Scripting and reproducibility
Transparency and trust
Easily interface with APIs for data and shapefiles
Life is already complicated
- Your process doesn’t have to be

Today

Create static maps and interactive maps with geolocated data
We’ll be using the more-recent packages in the R GIS community
- simple features
- leaflet
Access the Census API to download data and use what we’ve already learned to join that data to shapefiles to make choropleth maps– both interactive and static.

Basics

There are two underlying important pieces of information for spatial data:

Coordinates of the object
How the coordinates relate to a physical location on Earth
- Also known as coordinate reference system or CRS

CRS

Geographic
- Uses three-dimensional model of the earth to define specific locations on the surface of the grid
- longitude (East/West) and latitude (North/South)
Projected
- A translation of the three-dimensional grid onto a two-dimensional plane

CRS

Raster versus Vector data

Spatial data with a defined CRS can either be vector or raster data.

Vector
- Based on points that can be connected to form lines and polygons
- Located with in a coordinate reference system
- Example: Road map
Raster
- Are values within a grid system
- Example: Satellite imagery

sf vs sp

An older package, sp, lets a user handle both vector and raster data.
This class will focus on vector data and the sf package.

Shape files

Though we refer to a shape file in the singular, it’s actually a collection of at least three basic files:

.shp - lists shape and vertices
.shx - has index with offsets
.dbf - relationship file between geometry and attributes (data)

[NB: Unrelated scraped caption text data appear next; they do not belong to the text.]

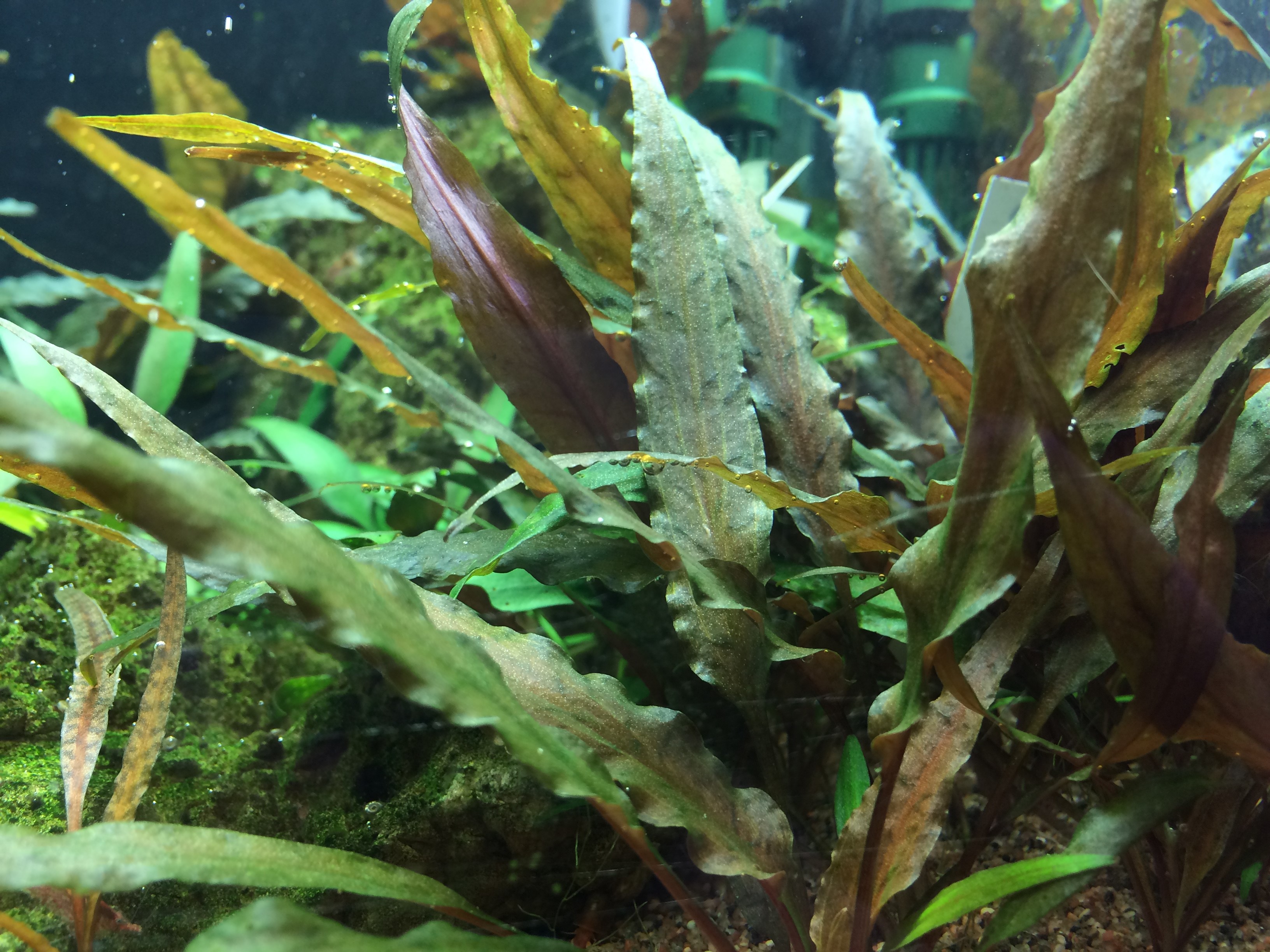 Cryptocoryne undulatus 'Red' - Roter Gewellter Wasserkelch - in Vitro Cryptocoryne undulatus 'Red' - Roter Gewellter Wasserkelch - in Vitro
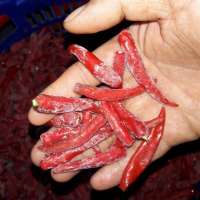 Frozen small hot CHILLI +84963818434 whatsapp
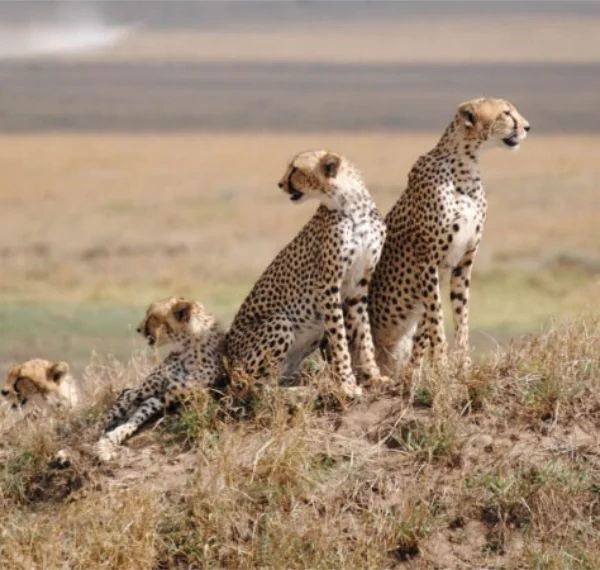 A group of cheetahs in Serengeti National park - Banok Safaris Limited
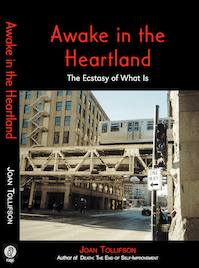 Awake in the Heartland : Ecstasy of What Is by Joan Tollifson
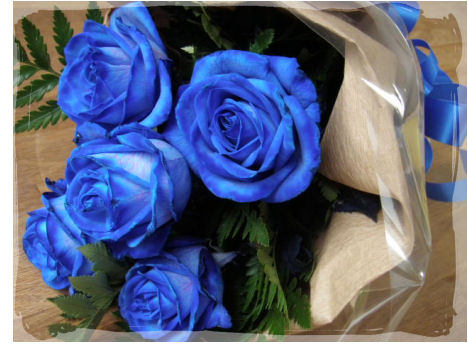 青い薔薇 アプローズ Green Rose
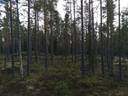 Maatilakokonaisuus, yht. 9,26 ha, Laitila, Kivijärvi, kolme erillistä kiinteistöä. 3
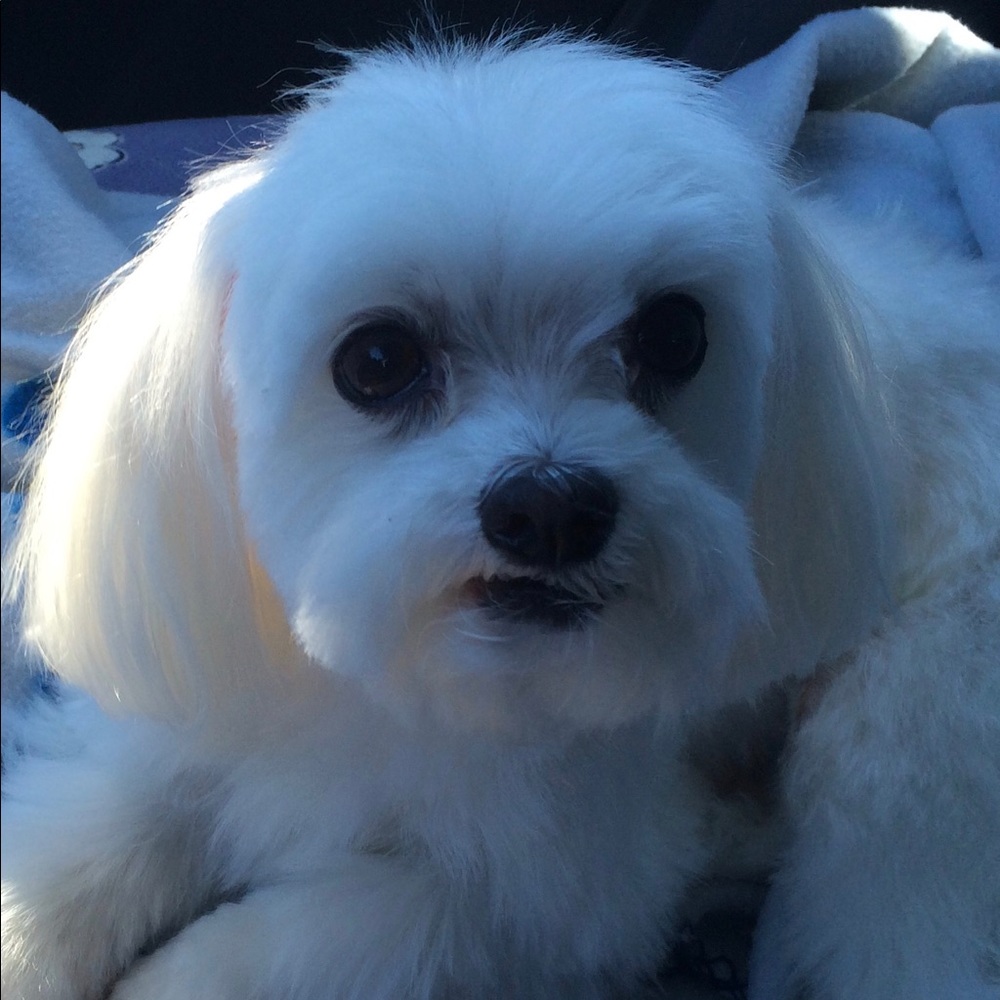 Meet your Posher, Keilani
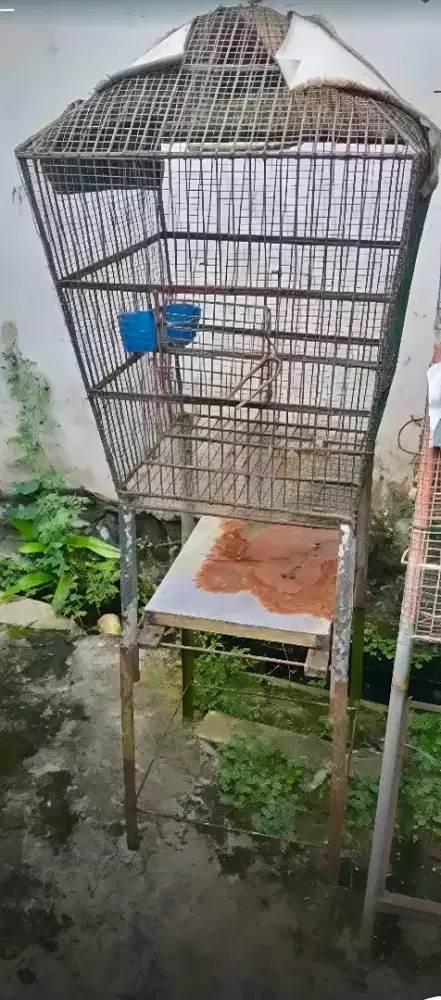 Dijual kurungan burung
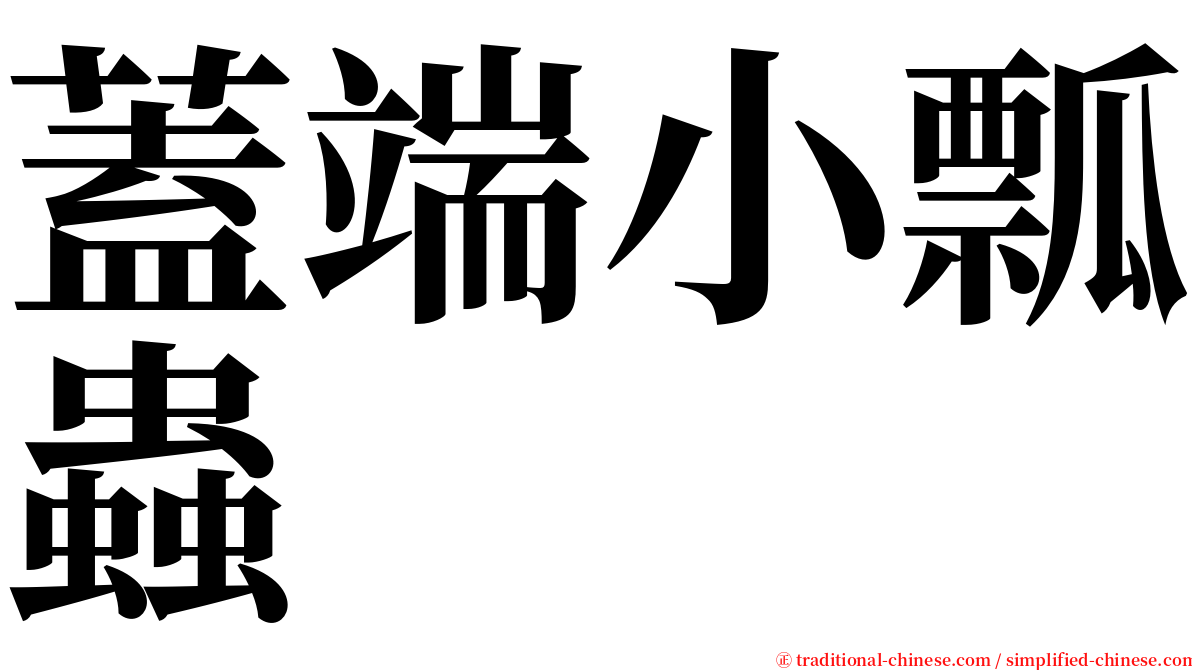 蓋端小瓢蟲 serif font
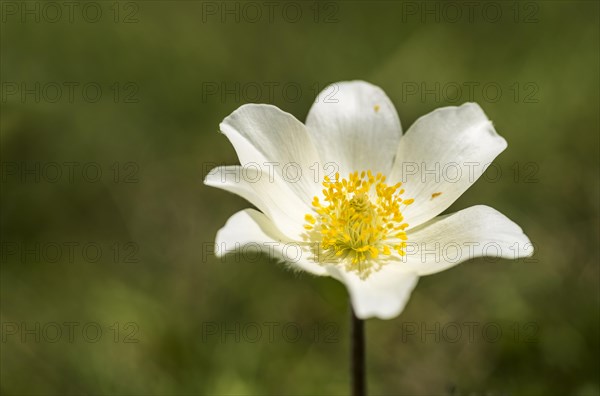 Narcissus-flowered anemone (Anemone narcissiflora)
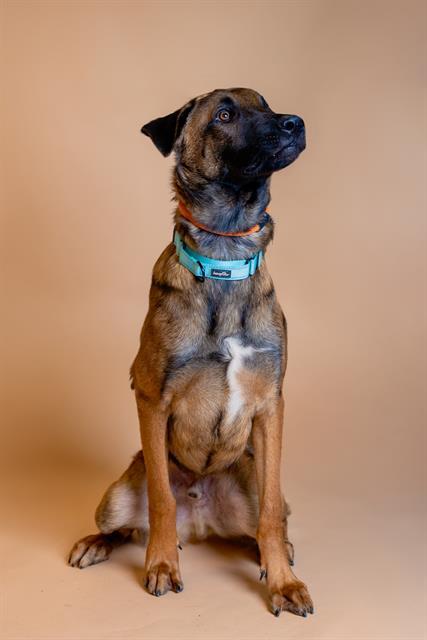 Enlarge Jasper, a Adoptable Belgian Shepherd / Malinois in Duxbury, MA image 4/4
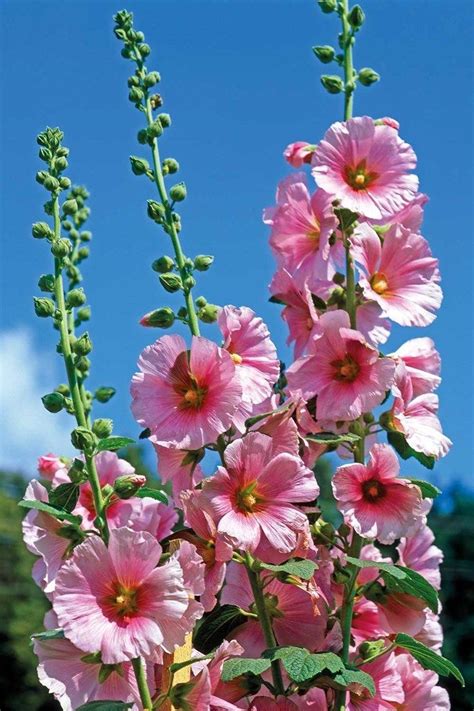 7 Old Fashioned Flowering Plants You Need In Your Garden Flower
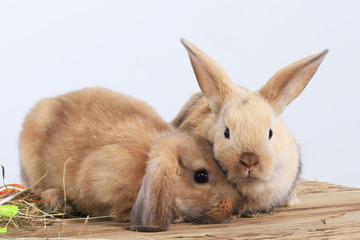 Wall Mural - pair of rabbits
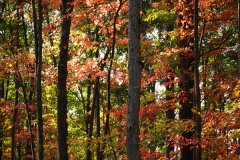 New River Gorge Preserve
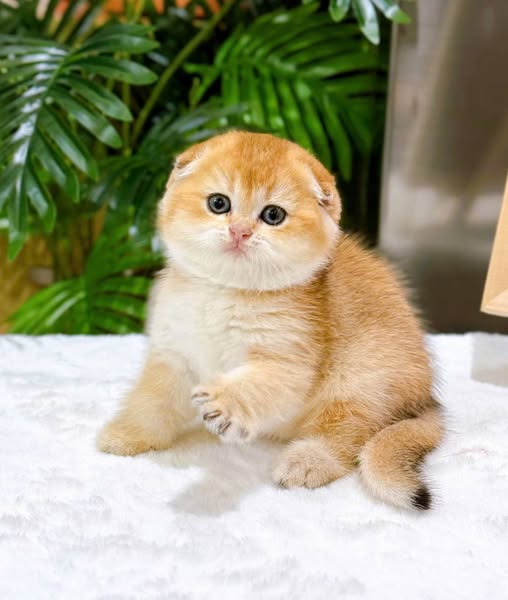 Scottish Fold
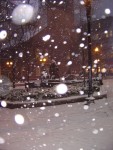 DSC00363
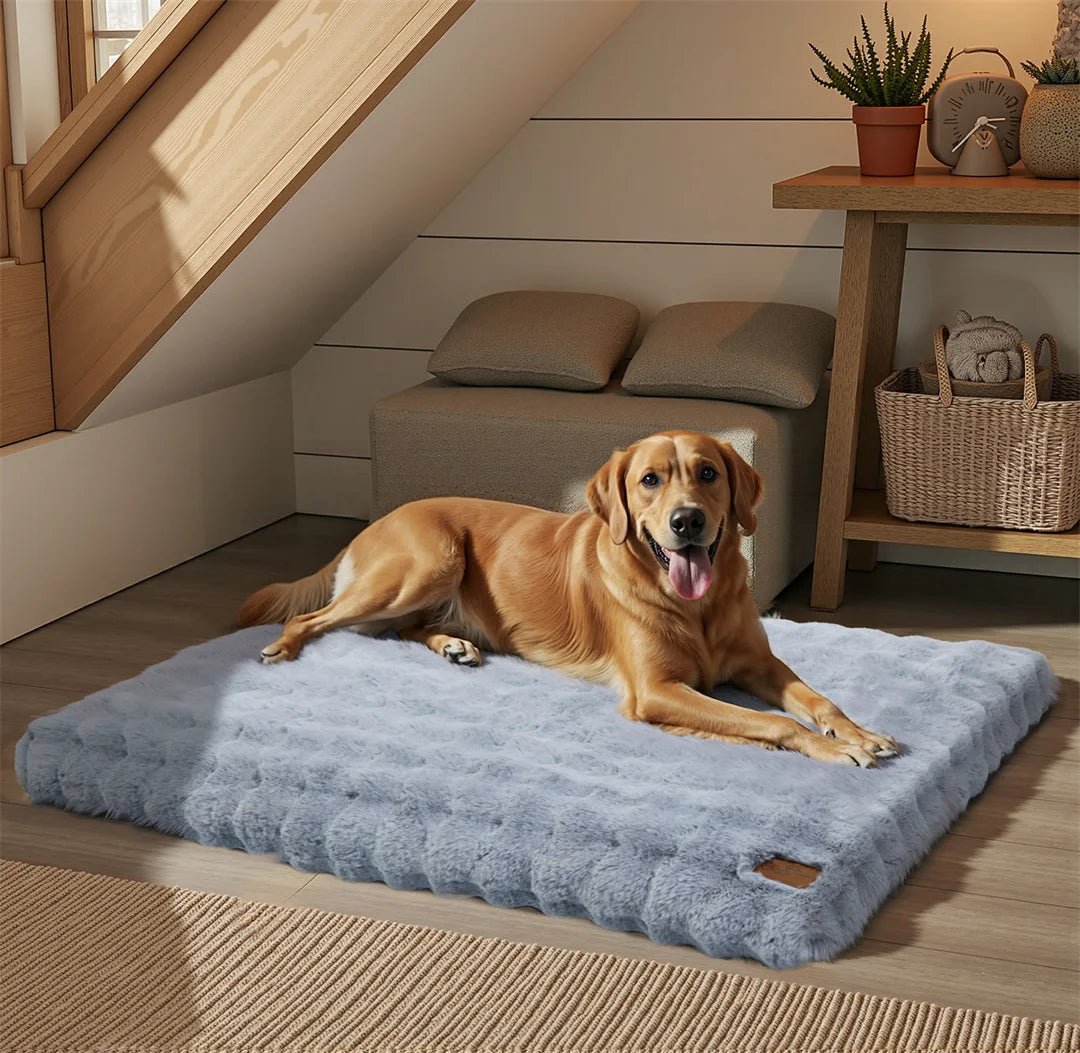 FURFORT – Premium Plush Bed with Water-Resistant Fabric and Grip Bottom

All files must be present in the directory and named the same (except for the file extension) to import correctly.

The plan

Map blank shape file after downloading
Join Census data to blank shape file and map
Use R package Tigris to download shape file
Use R package censusapi to download census data and join to new shape file
Use tidycensus to download Census data and the shape file all at once

Mapping a simple shape file

We’ll start by importing in a shape file of state boundaries from the Census.

Mapping a simple shape file

st_read() is the function to import the shapefile.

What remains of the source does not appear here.